### SOURCE DATA
□ □ □ □ □ □ □

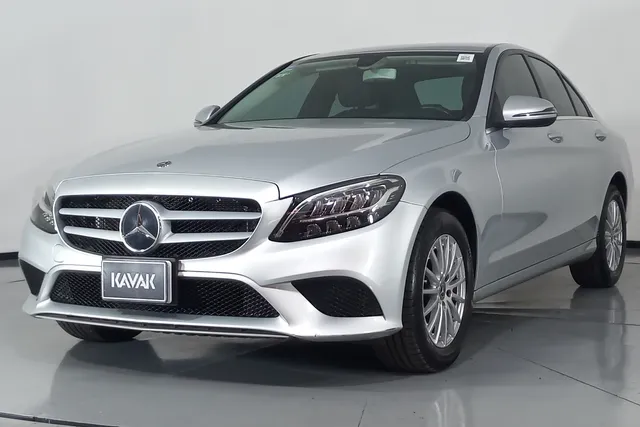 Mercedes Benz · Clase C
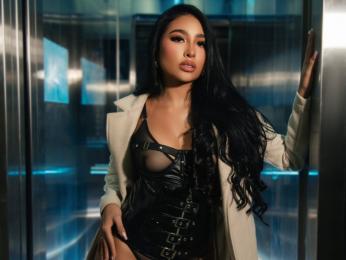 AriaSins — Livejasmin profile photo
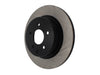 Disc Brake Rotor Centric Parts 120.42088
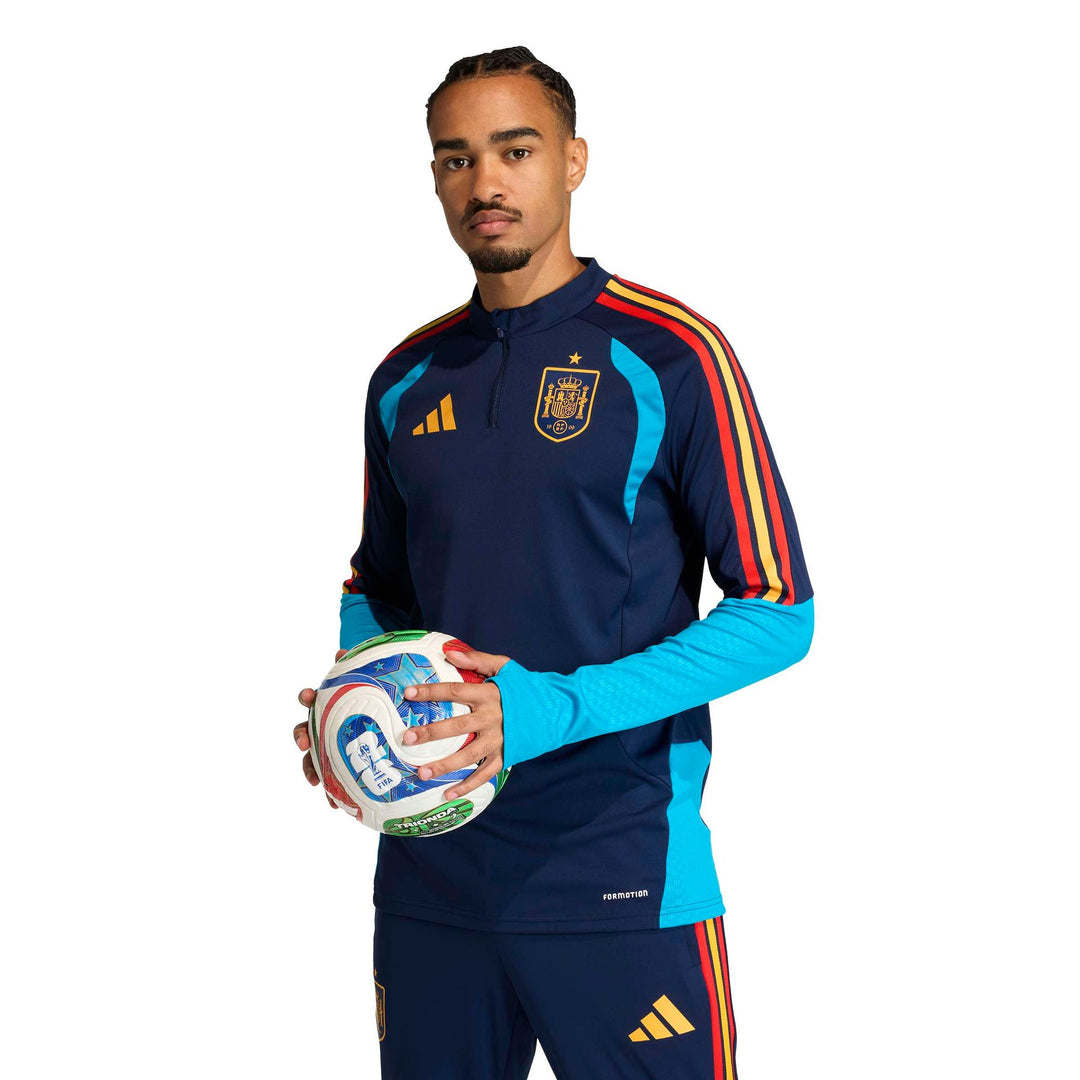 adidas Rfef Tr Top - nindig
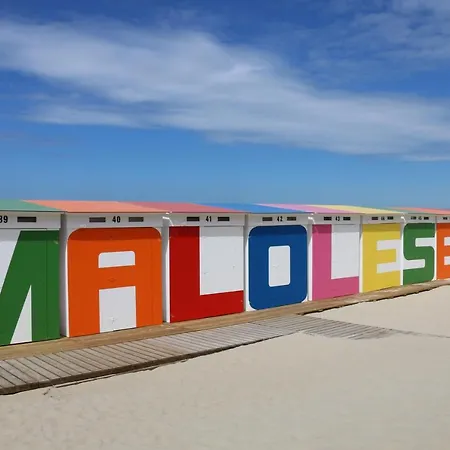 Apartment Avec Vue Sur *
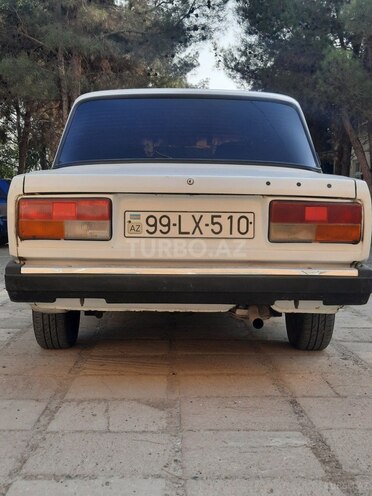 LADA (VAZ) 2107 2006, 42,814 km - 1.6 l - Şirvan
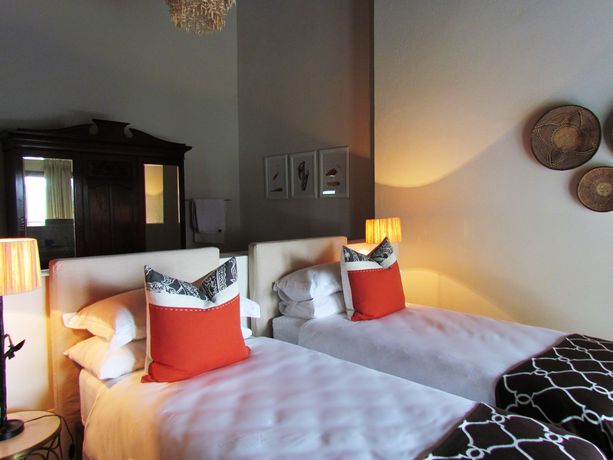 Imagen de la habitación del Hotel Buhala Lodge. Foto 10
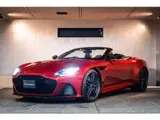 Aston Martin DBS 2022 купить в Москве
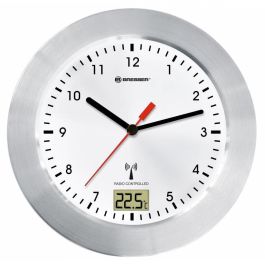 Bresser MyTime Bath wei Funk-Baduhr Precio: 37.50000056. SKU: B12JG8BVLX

□ □ □ □ □ □ □

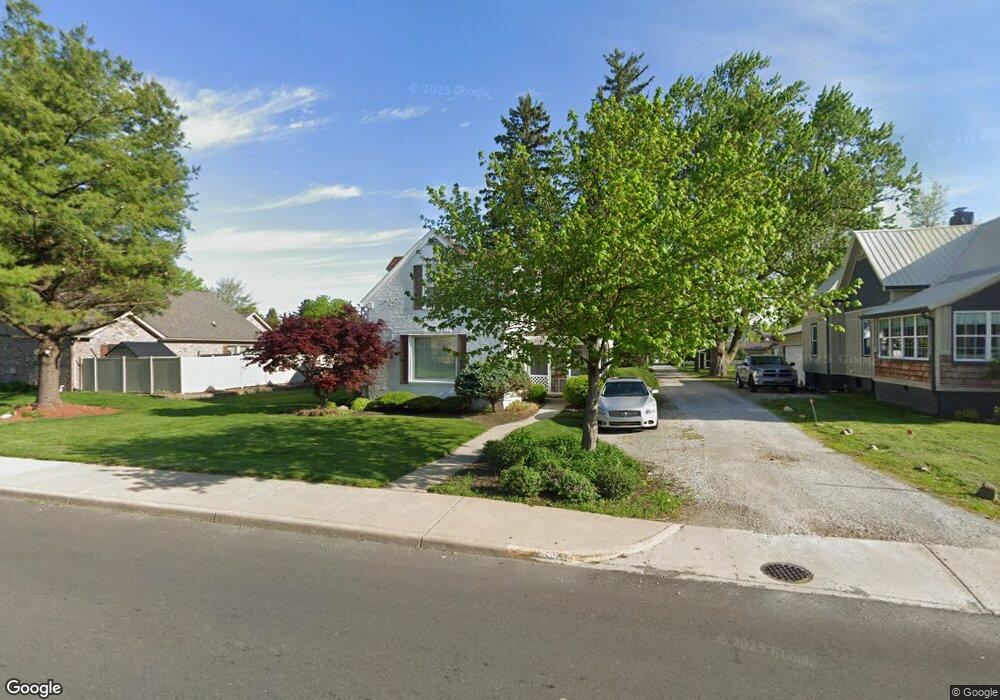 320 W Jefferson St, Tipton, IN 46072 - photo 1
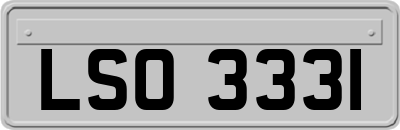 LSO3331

□ □ □ □ □ □ □

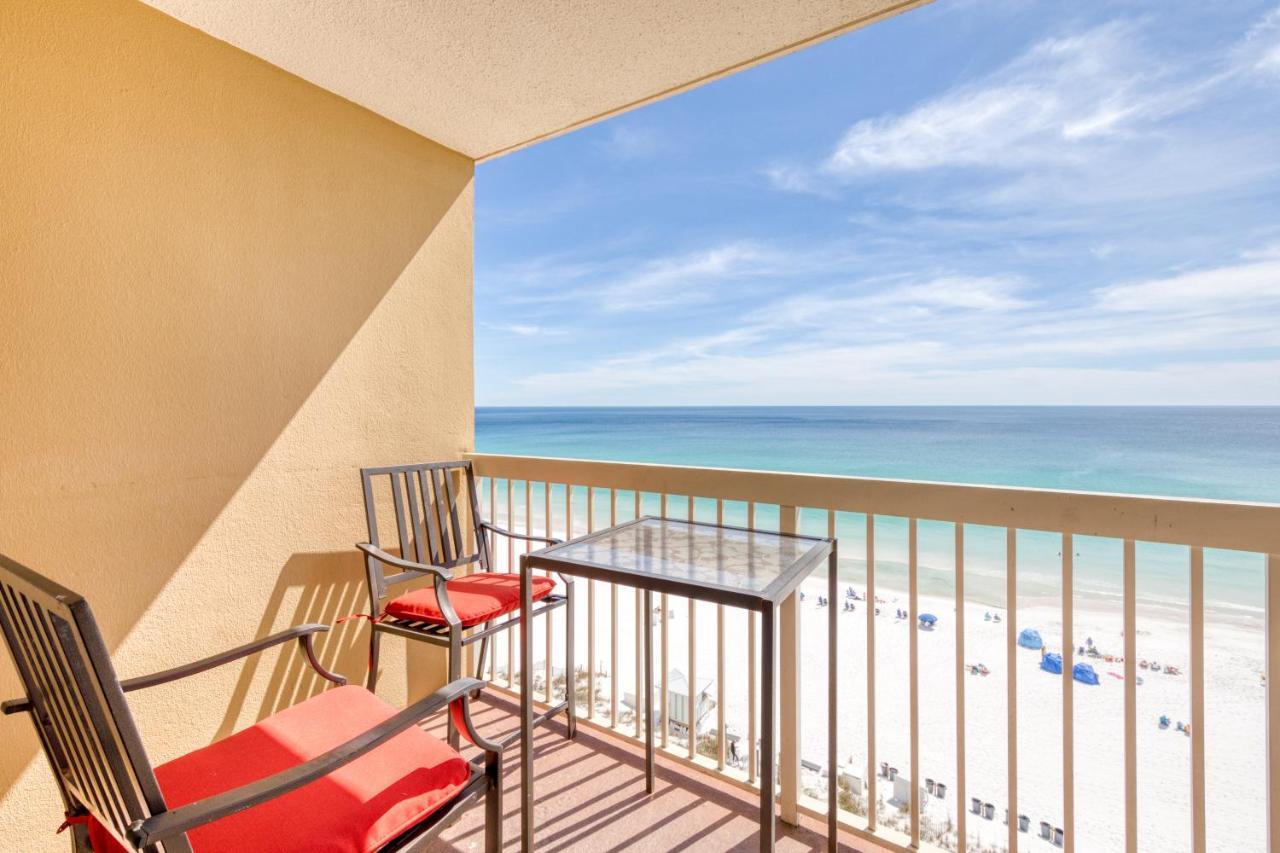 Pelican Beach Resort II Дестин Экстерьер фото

□ □ □ □ □ □ □

### ACTION ITEM
Working from the entries above, please transcribe only the lines from the line with "AriaSins — Livejasmin profile photo" through the line with "Bresser MyTime Bath", exactly, with both end lines and without pictures.

### OUTPUT BELOW
 AriaSins — Livejasmin profile photo
 Disc Brake Rotor Centric Parts 120.42088
 adidas Rfef Tr Top - nindig
 Apartment Avec Vue Sur *
 LADA (VAZ) 2107 2006, 42,814 km - 1.6 l - Şirvan
 Imagen de la habitación del Hotel Buhala Lodge. Foto 10
 Aston Martin DBS 2022 купить в Москве
 Bresser MyTime Bath wei Funk-Baduhr Precio: 37.50000056. SKU: B12JG8BVLX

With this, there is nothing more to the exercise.